How to complete this task:
Only the stretch below from the line holding "DailyPharmaNews (@dailypharmanews) 's" through the line holding "22 Boulder Wy, Cuddebackville, NY" should be restated, word for word and with both ends included; pictures stay out.

Records for processing:
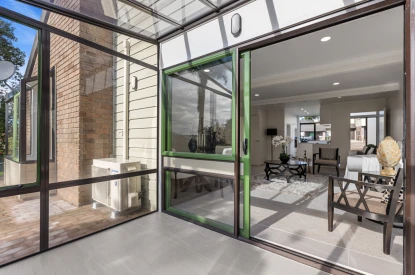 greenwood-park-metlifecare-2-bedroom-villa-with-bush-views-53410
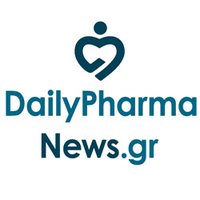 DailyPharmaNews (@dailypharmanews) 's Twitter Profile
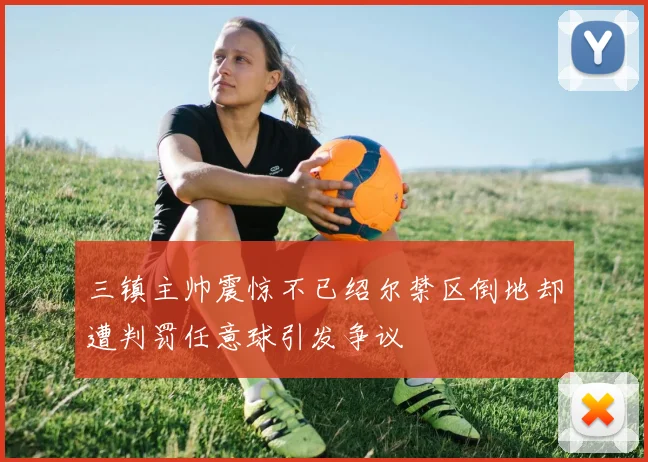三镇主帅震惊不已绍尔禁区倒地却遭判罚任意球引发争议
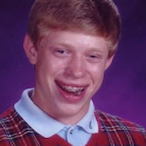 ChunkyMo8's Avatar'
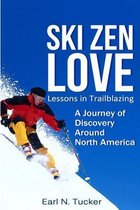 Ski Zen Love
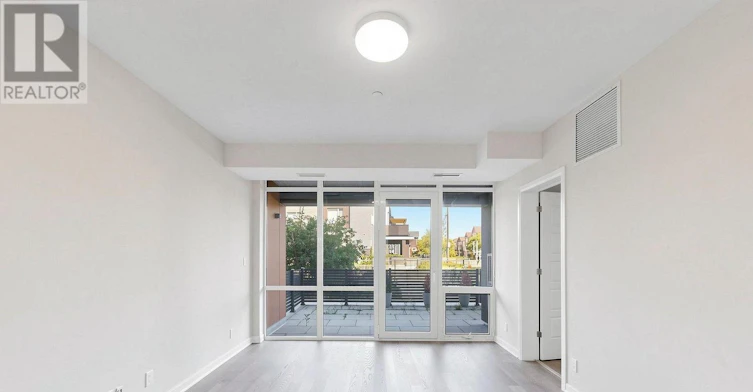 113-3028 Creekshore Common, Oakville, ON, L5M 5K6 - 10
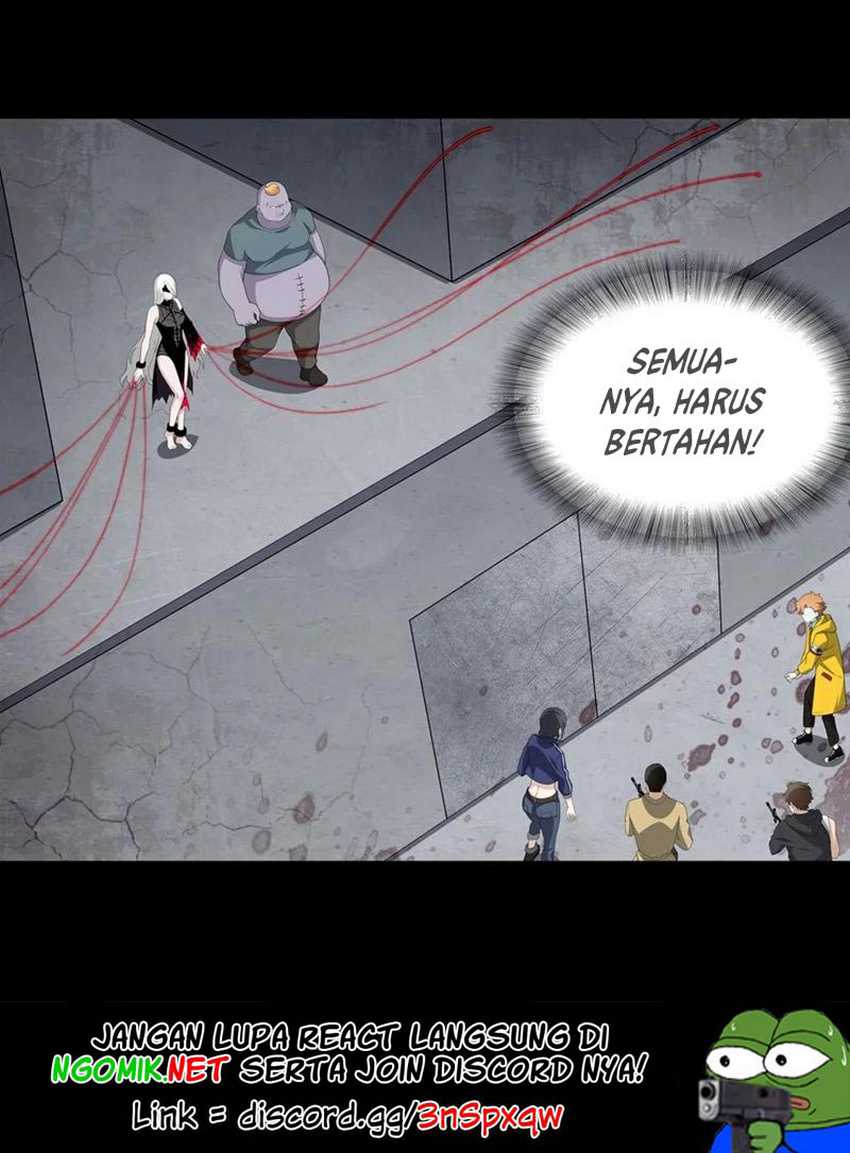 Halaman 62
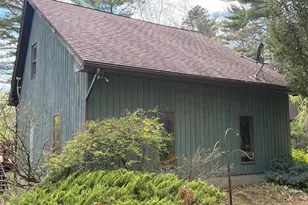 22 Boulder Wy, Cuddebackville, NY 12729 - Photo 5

...

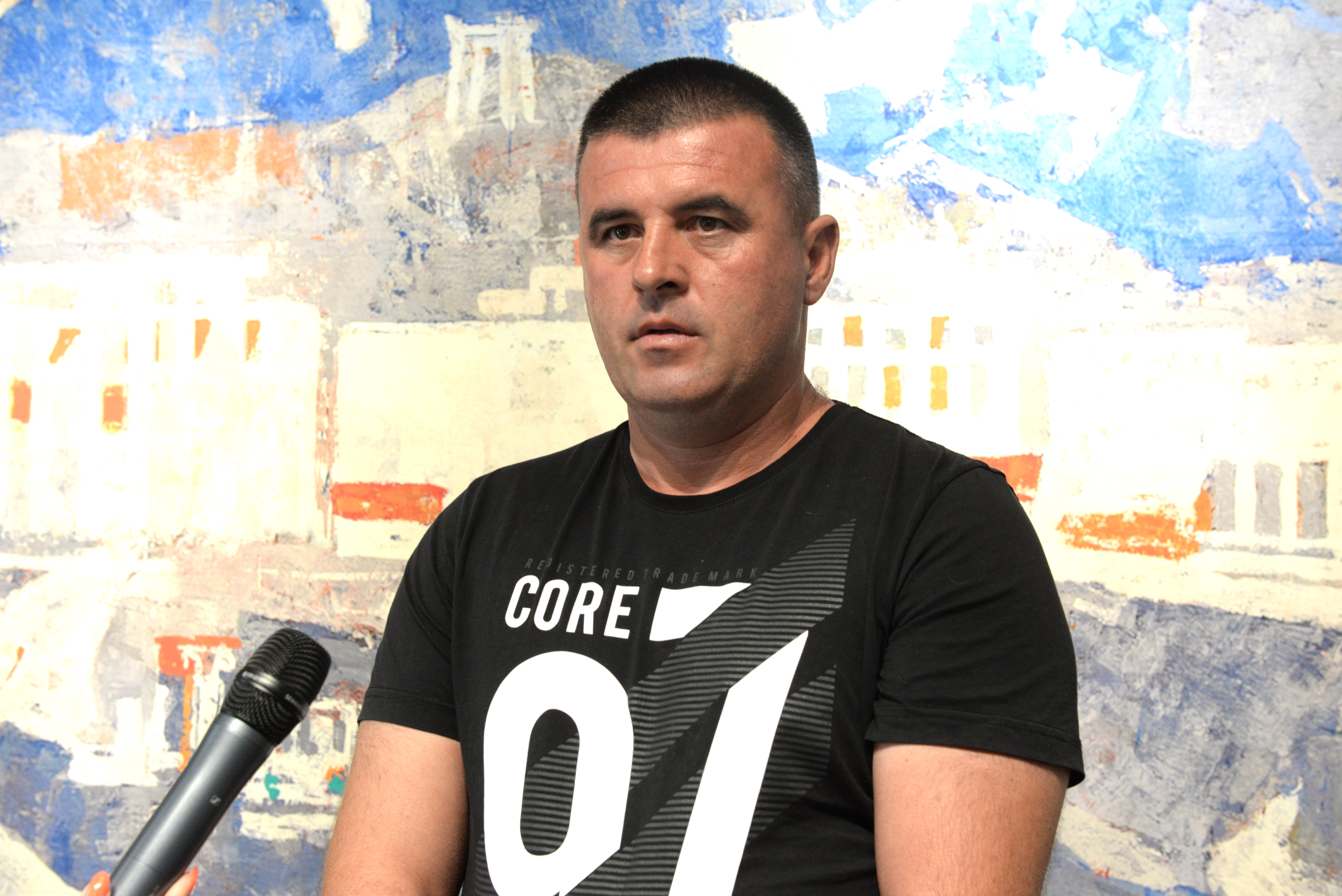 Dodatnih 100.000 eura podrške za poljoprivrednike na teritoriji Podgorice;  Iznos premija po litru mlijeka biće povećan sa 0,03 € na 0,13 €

--

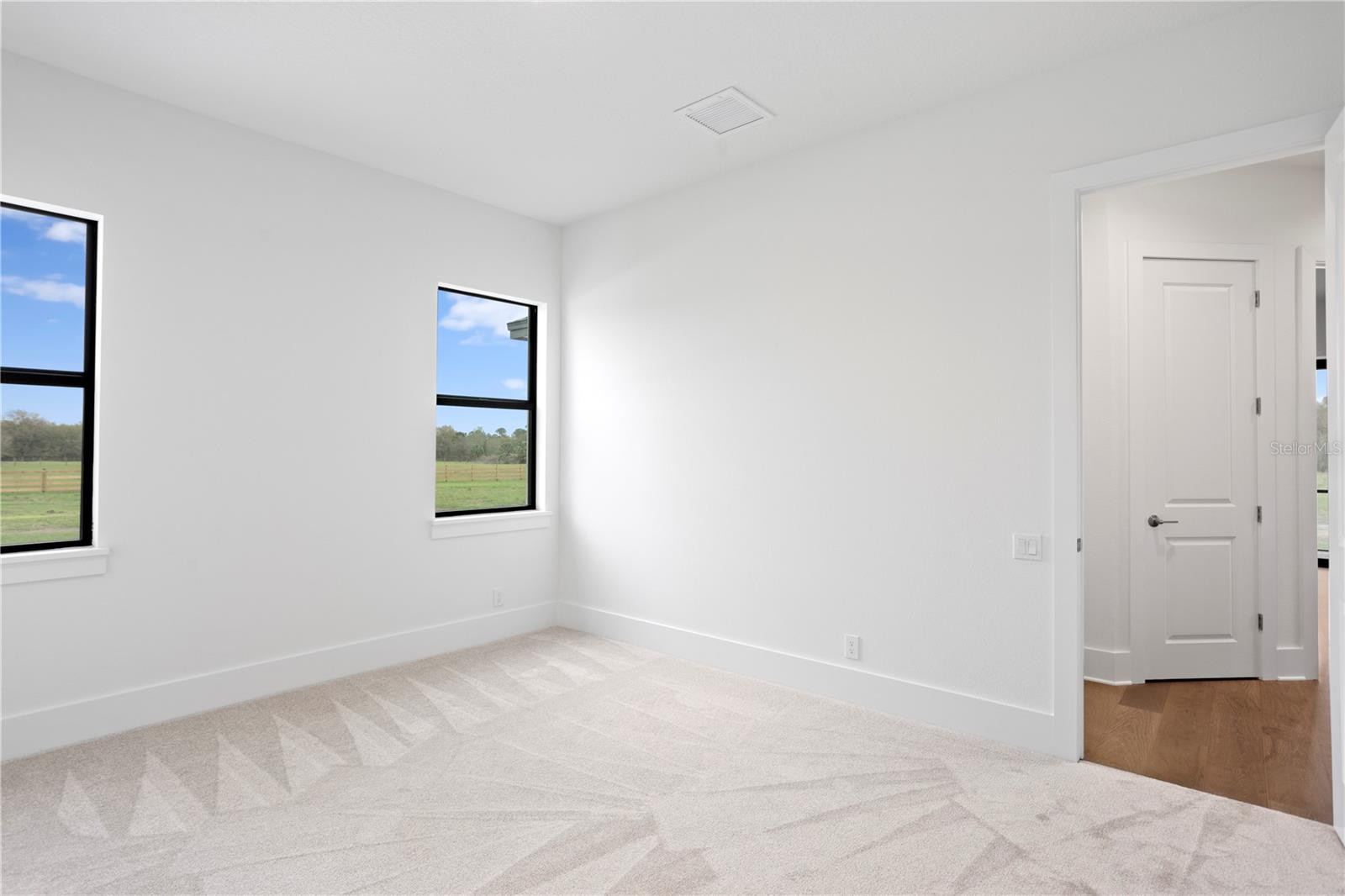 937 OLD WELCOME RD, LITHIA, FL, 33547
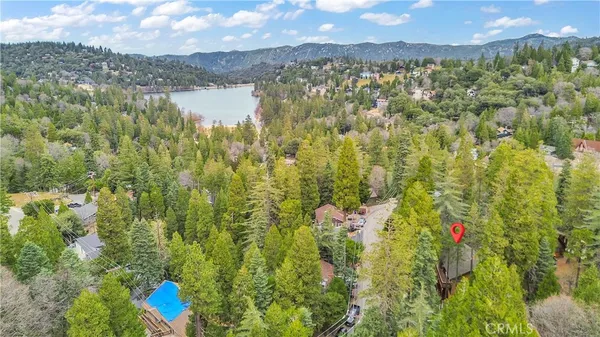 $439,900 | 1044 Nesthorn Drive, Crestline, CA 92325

Worked solution:
 DailyPharmaNews (@dailypharmanews) 's Twitter Profile
三镇主帅震惊不已绍尔禁区倒地却遭判罚任意球引发争议
 ChunkyMo8's Avatar'
 Ski Zen Love
 113-3028 Creekshore Common, Oakville, ON, L5M 5K6 - 10
 Halaman 62
 22 Boulder Wy, Cuddebackville, NY 12729 - Photo 5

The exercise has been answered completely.